(Recorded data)

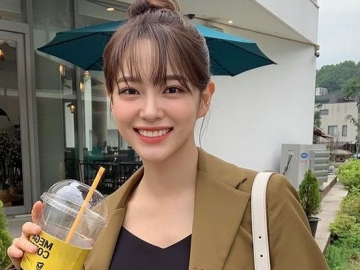 Tampil Elegan dan Dewasa di Pemotretan Majalah, Kim Sejeong Banjir Pujian Netter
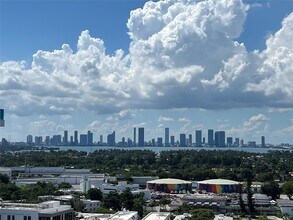 2401 Collins Ave, Unit 1906 in Miami Beach, FL - Building Photo - Building Photo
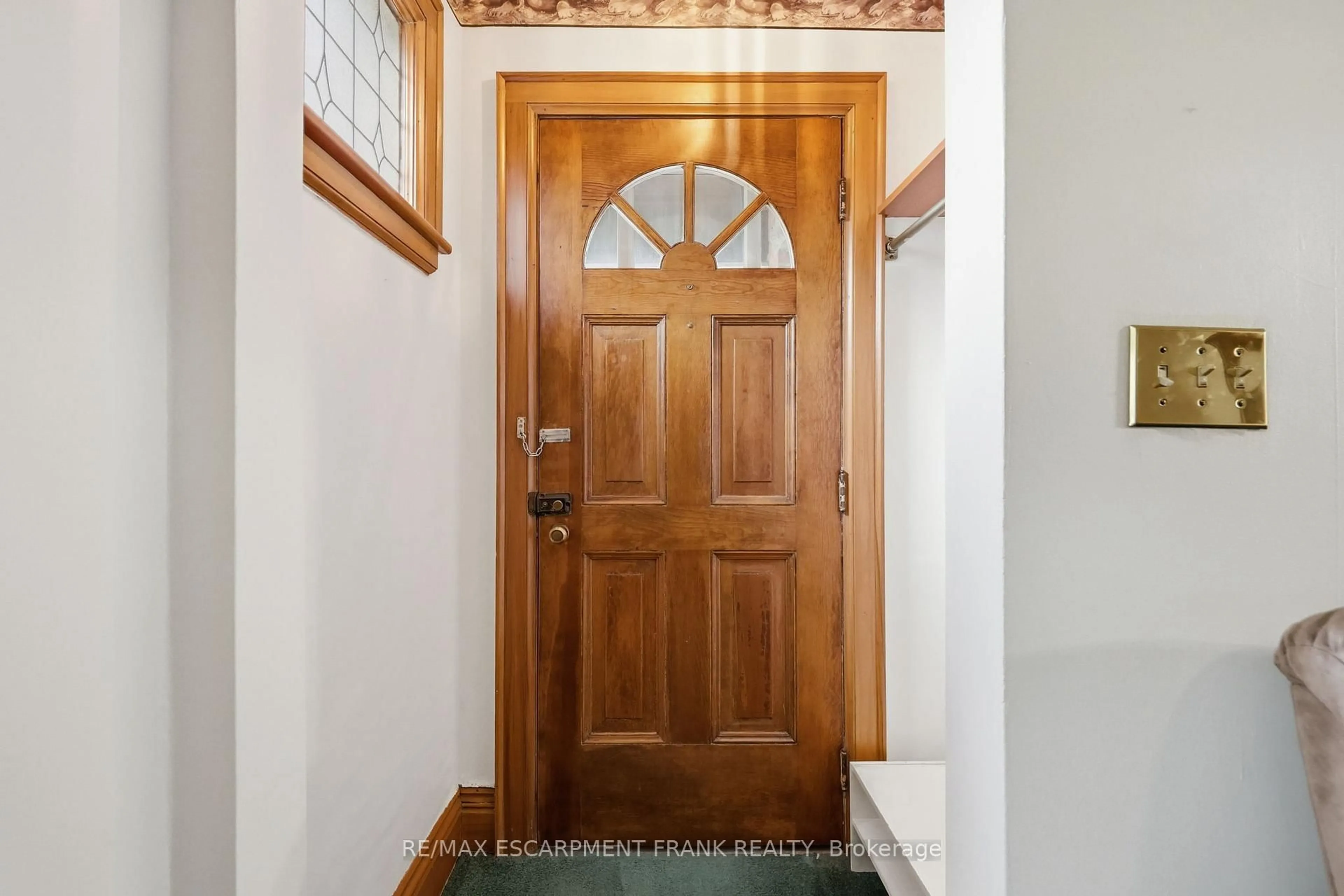 Indoor entryway for 67 Paradise Rd, Hamilton Ontario L8S 1S3
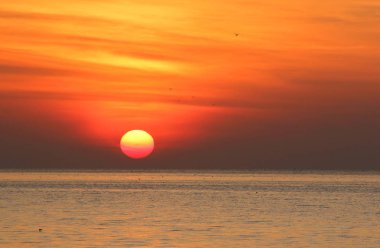 Sunrise güzel gökyüzü ve deniz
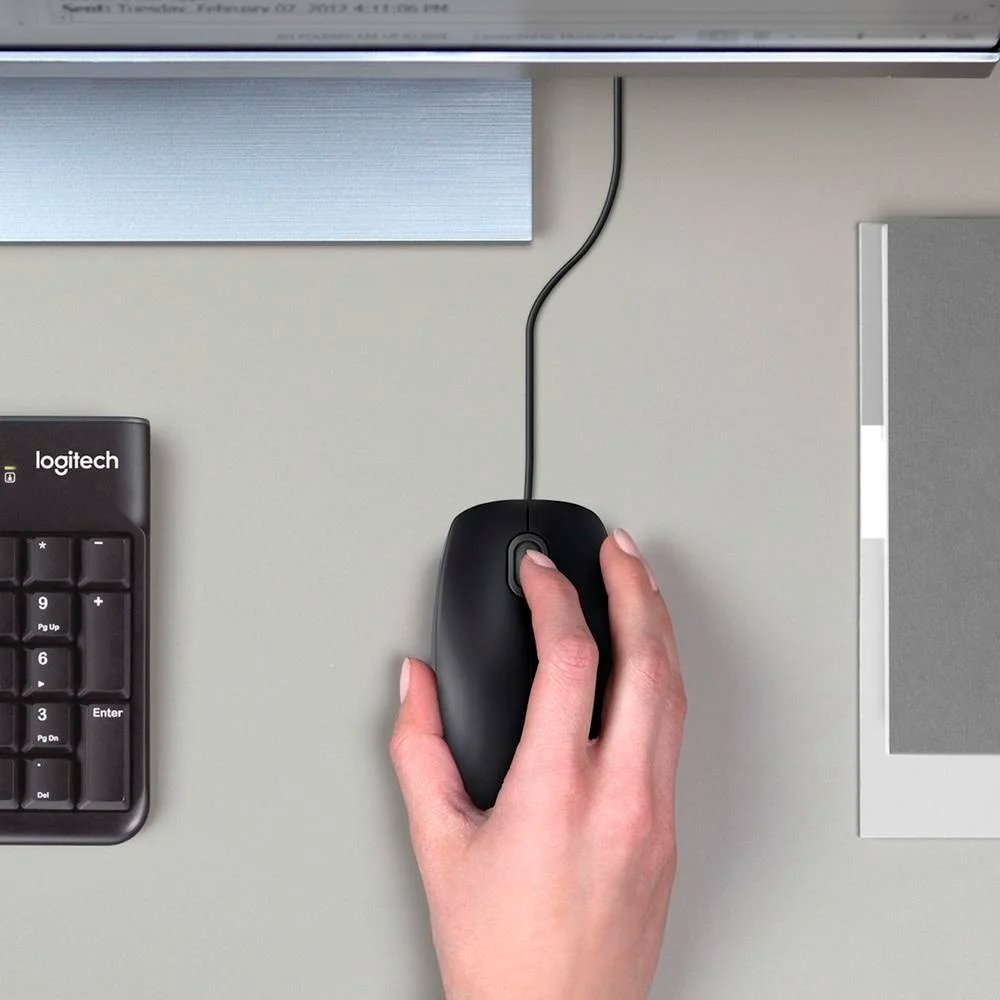 Mouse com fio USB Logitech M90 com Design Ambidestro e Facilidade Plug and Play - 910-004053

(End Recorded data)

* _What needs to be done_
Copy exactly, please, the lines that run from the line holding "Sunrise güzel gökyüzü ve deniz" through the closing line of the material above, omitting every picture.

* _Expected answer_
 Sunrise güzel gökyüzü ve deniz
 Mouse com fio USB Logitech M90 com Design Ambidestro e Facilidade Plug and Play - 910-004053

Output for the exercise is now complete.